The defense included several future NFL players, including end Corey Wootton and cornerback Sherrick McManis. Eight starters returned, and the unit improved from 88th nationally in points allowed to 26th in Hankwitz's first season.
But something was missing. As Hankwitz surveyed the number of spread offenses in college football -- not to mention the one his defense practiced against every day at Northwestern -- he knew the Wildcats' defense needed a speed boost.
"We had some players with good speed, but as a total defense, we didn't have that same speed at every position," Hankwitz told ESPN.com. "In this day in age with spread offenses, you need to have athletes who have the ability and speed to make plays in space. That's where we were a little deficient at the time. If you had a guy hurt, the next guy might not have been as fast. So we recruited to that end. We tried to recruit better speed to cornerback, and we're making progress in that way.
"As a whole, our team defensive speed has improved, and we're excited about that."
It was noticeable last season as Northwestern's defense improved to 47th nationally after plummeting to 80th the year before. Several younger players who were part of the speed-driven recruiting push played key roles, including defensive backs Ibraheim Campbell and Nick VanHoose, linebacker Chi Chi Ariguzo and linemen Dean Lowry and Deonte Gibson.
Northwestern's speed upgrade on defense has jumped out during spring practice. In Tuesday's workout, Lowry zoomed past a tackle for an easy "sack" against quarterback Trevor Siemian. Speed has helped cornerback Dwight White put himself in position to start opposite VanHoose in the fall. The same holds true for safeties like Traveon Henry, Jimmy Hall and Terrance Brown, competing to start next to Campbell.

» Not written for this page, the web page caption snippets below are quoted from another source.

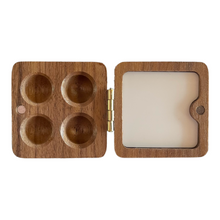 Load image into Gallery viewer, Wood Palette Boxes (Set of 2)
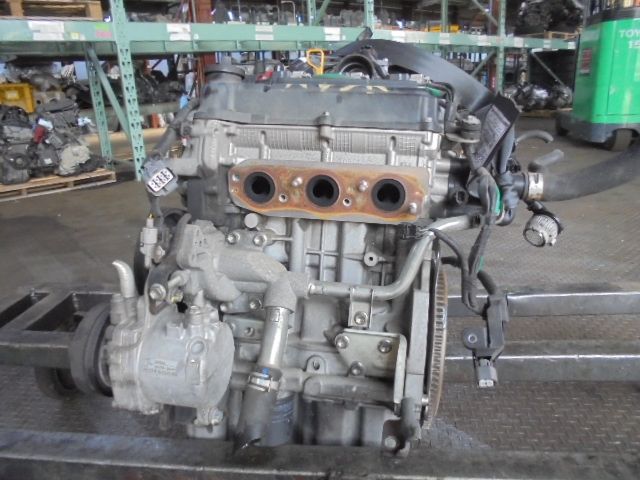 5FO4013 CD2 スズキ パレット MK21S L エンジン本体 E gCPU付 ノンターボ K6A-4820674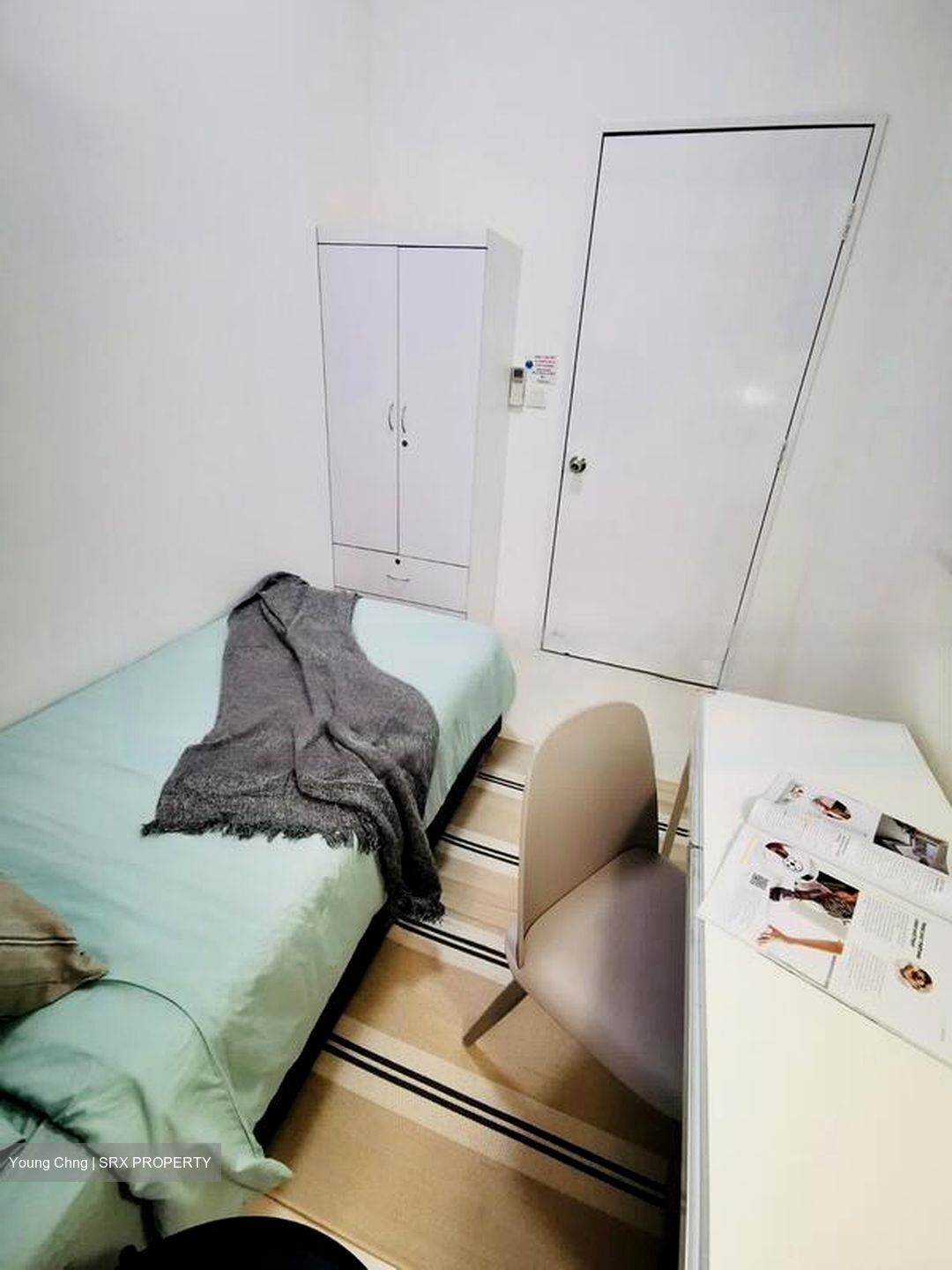 Dover Parkview (D5), Condominium #464158471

"Our team speed is definitely much improved," head coach Pat Fitzgerald said. "Our secondary runs as well as it has at all four positions."
The popularity of the spread offense, which Northwestern has used since 2000, fueled the team's speed push in recruiting. Northwestern needed more athletes who could make plays in space, especially in the secondary.
Not surprisingly, the secondary had the most dramatic upgrade last season, and depth at both cornerback and safety has improved for 2013. The secondary not only has more speed but better size.
"Traveon Henry's a 6-[foot]-1, 200-plus-pound safety, Jimmy Hall's the same way, Terrance Brown is the same way; we've upgraded our size at corner," Fitzgerald said. "Most of our guys used to be 5-foot-9 and 5-foot-10. Now we're 5-11 and 6-foot. That size-speed combination is critically important if we want to take the next step in this league."
Greater speed allows Hankwitz to be "a little more aggressive" with his defensive calls. It also helps younger players get on the field early as they can overcome some weaknesses technically and fundamentally.
"Last year, being a little undersized at D-end as a freshman, I relied on my speed a lot of times to beat tackles," said Lowry, who had a sack, six quarterback hurries and three tackles for loss as a true freshman. "When you're fast, it sets up moves, so if a tackle is overset, you come back with a counter. You've got to make sure you use your technique, use your hands where the coaches teach you. But having the extra speed, it's almost like you can't teach that.
"It's something most guys don't have."
Northwestern's speed push started with the linebackers and spread quickly to the secondary, but the line hasn't been neglected. Redshirt freshman end Ifeadi Odenigbo, the team's most-decorated recruit in years, only started playing football as a high school sophomore but made his mark with speed, twice tracking down Braxton Miller in a playoff game.
Both Odenigbo and Gibson ran track in high school, while both Gibson and Lowry played basketball.
"They're very, very athletic," senior end Tyler Scott said. "Dean's very athletic. Deonte, when he's healthy, is a force coming off the edge. And Ifeadi, he's got some speed that we haven't seen here for a while."
Northwestern's defense expects to be seeing more of that speed in the coming seasons.
"We're still not quite there where we have all five classes at an elite level athletically," Fitzgerald said, "but I think we're really close."